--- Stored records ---
------------------------------------------------
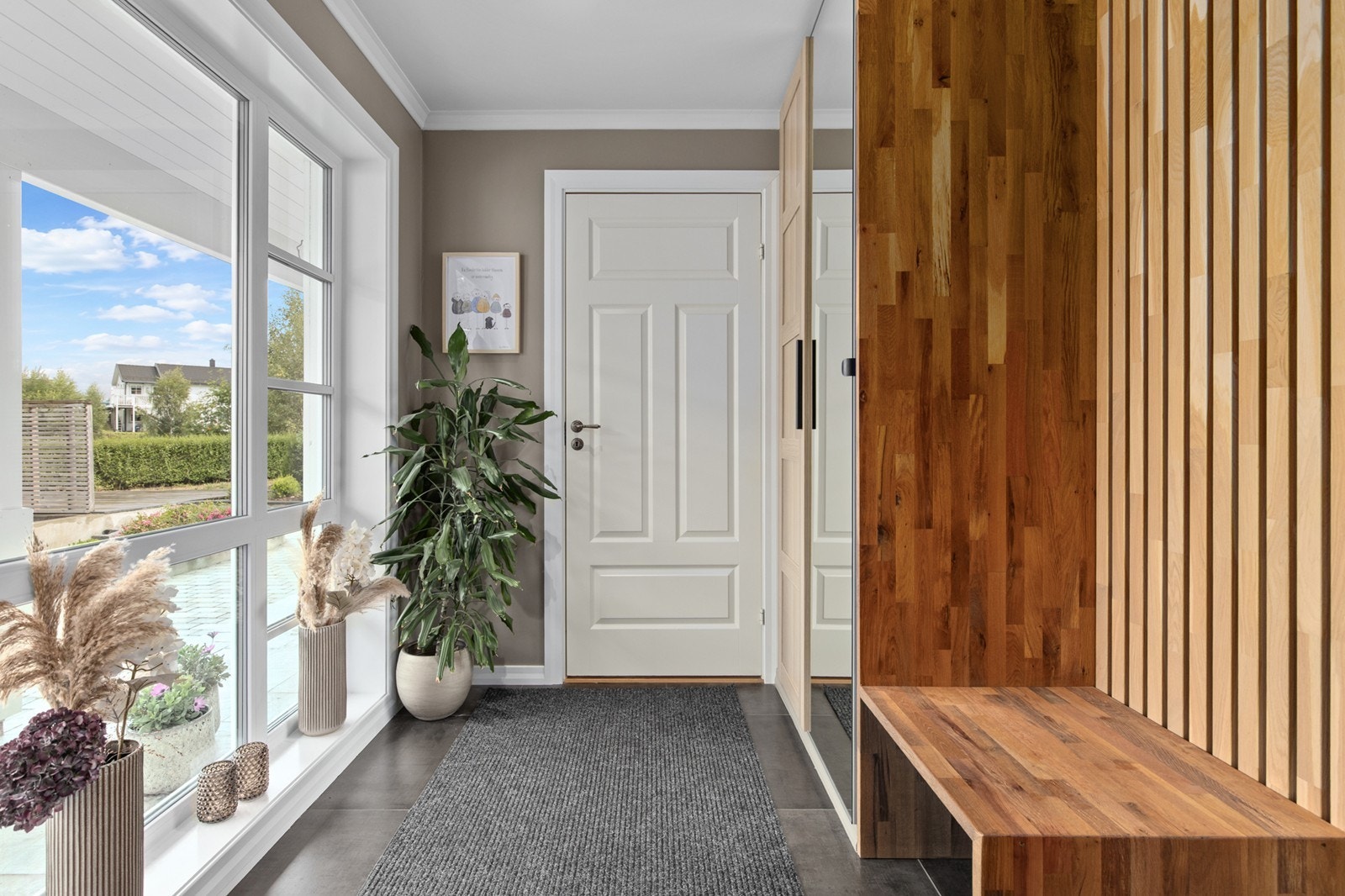 En lys og elegant entré med gjennomførte materialvalg, god oppbevaringsplass . Galleribilde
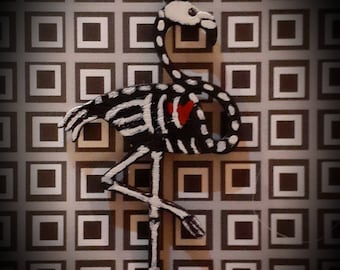 May include: A whimsical flamingo figurine with a skeleton design. The black and white body features bone details, a red heart, and a white head. The flamingo stands on one leg against a patterned background.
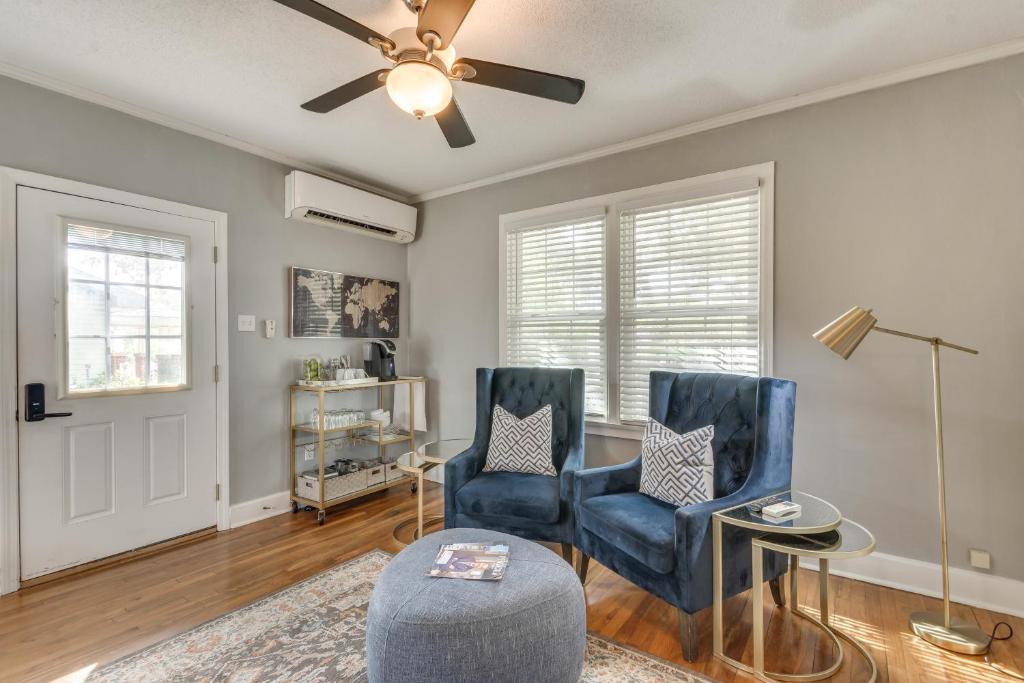 a living room with two chairs and a ceiling fan at 3 Blocks to Pensacola Bay Charming Apartment! in Pensacola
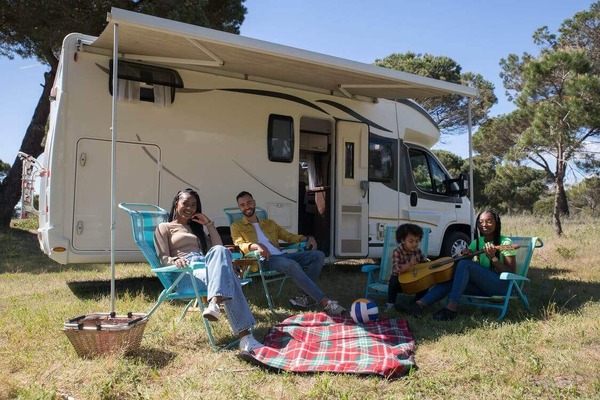 a family sitting next to a camper with its awning extended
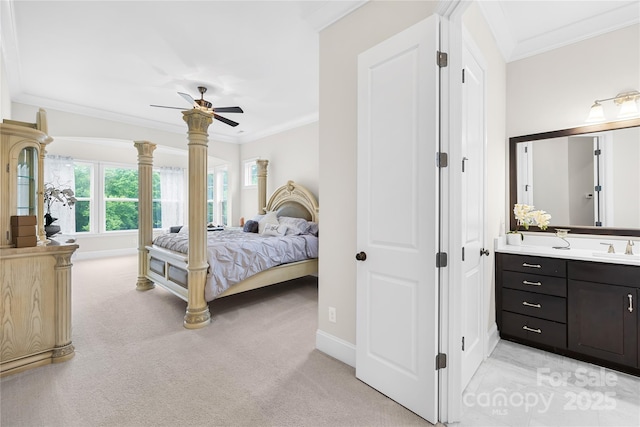 bedroom with crown molding, light carpet, and baseboards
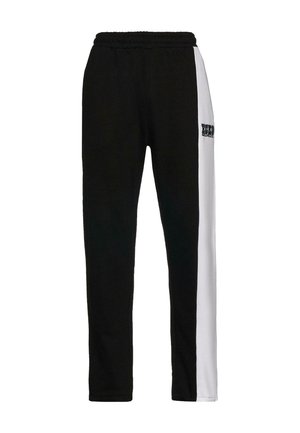 Black and white jogger pants with an elastic waistband, featuring a graphic print on the left thigh and a sleek, modern cut.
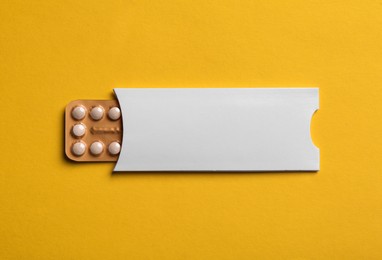 Photo of Birth control pills on yellow background, top view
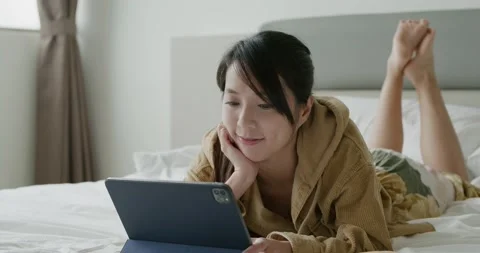 Woman read on tablet computer and lying on bed Video stock 194850893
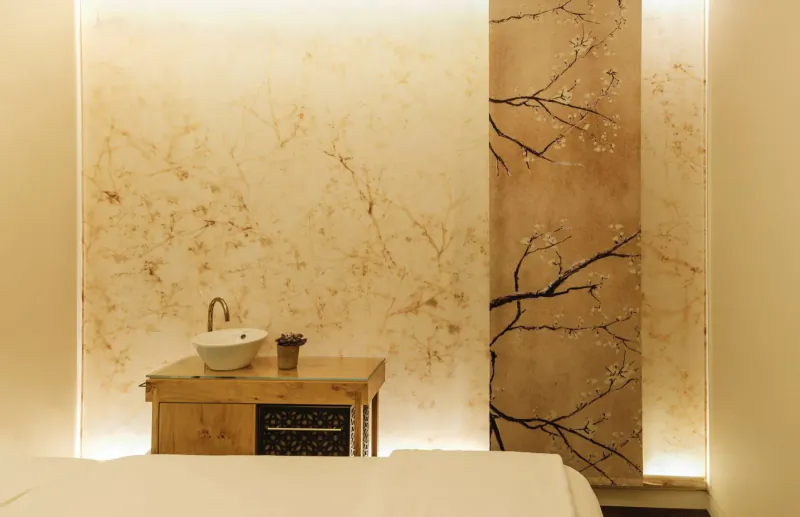 Elegant spa bathroom with wooden vanity, white sink, gold faucet, and cherry blossom wall art.
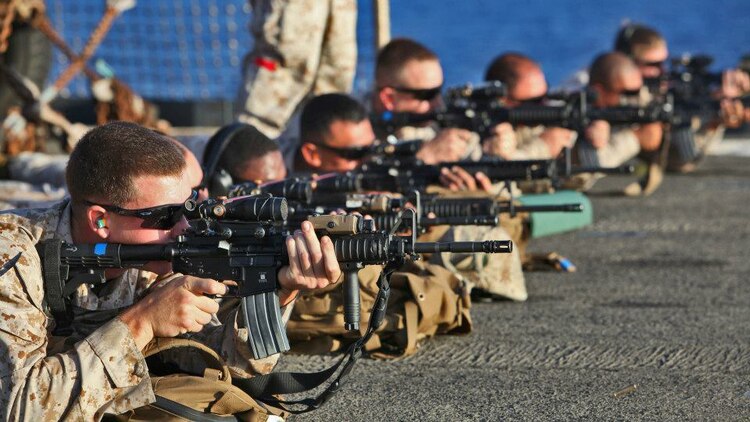 Servicemembers from Combat Logistics Battalion 15, 15th Marine Expeditionary Unit, sight-in on targets on the flight deck of the USS Rushmore, Sept. 27. During the 15th MEU and Peleliu Amphibious Ready Group?s Western Pacific deployment, the Marines and sailors decided to let loose a few rounds in order to find their battle sight zero and ensure their M16A4 and M4A1 service rifles were functioning properly.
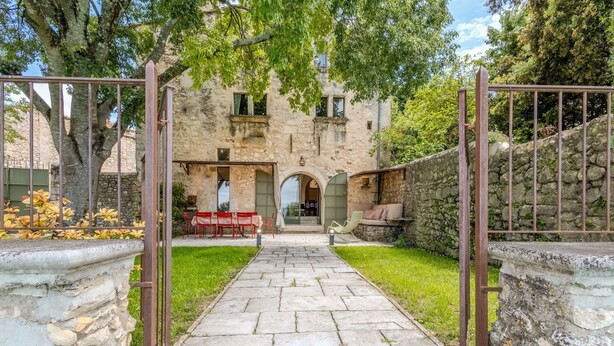 A stone pathway leading to a rustic building with a covered patio area.
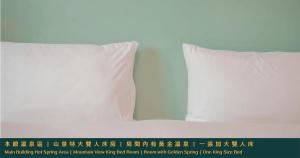 two white pillows sitting on top of a bed at Ruixiong Hotspring Hotel in Ruisui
------------------------------------------------
Print the records above exactly as they stand, but leave out the pictures.

 En lys og elegant entré med gjennomførte materialvalg, god oppbevaringsplass . Galleribilde
 May include: A whimsical flamingo figurine with a skeleton design. The black and white body features bone details, a red heart, and a white head. The flamingo stands on one leg against a patterned background.
 a living room with two chairs and a ceiling fan at 3 Blocks to Pensacola Bay Charming Apartment! in Pensacola
 a family sitting next to a camper with its awning extended
 bedroom with crown molding, light carpet, and baseboards
 Black and white jogger pants with an elastic waistband, featuring a graphic print on the left thigh and a sleek, modern cut.
 Photo of Birth control pills on yellow background, top view
 Woman read on tablet computer and lying on bed Video stock 194850893
 Elegant spa bathroom with wooden vanity, white sink, gold faucet, and cherry blossom wall art.
 Servicemembers from Combat Logistics Battalion 15, 15th Marine Expeditionary Unit, sight-in on targets on the flight deck of the USS Rushmore, Sept. 27. During the 15th MEU and Peleliu Amphibious Ready Group?s Western Pacific deployment, the Marines and sailors decided to let loose a few rounds in order to find their battle sight zero and ensure their M16A4 and M4A1 service rifles were functioning properly.
 A stone pathway leading to a rustic building with a covered patio area.
 two white pillows sitting on top of a bed at Ruixiong Hotspring Hotel in Ruisui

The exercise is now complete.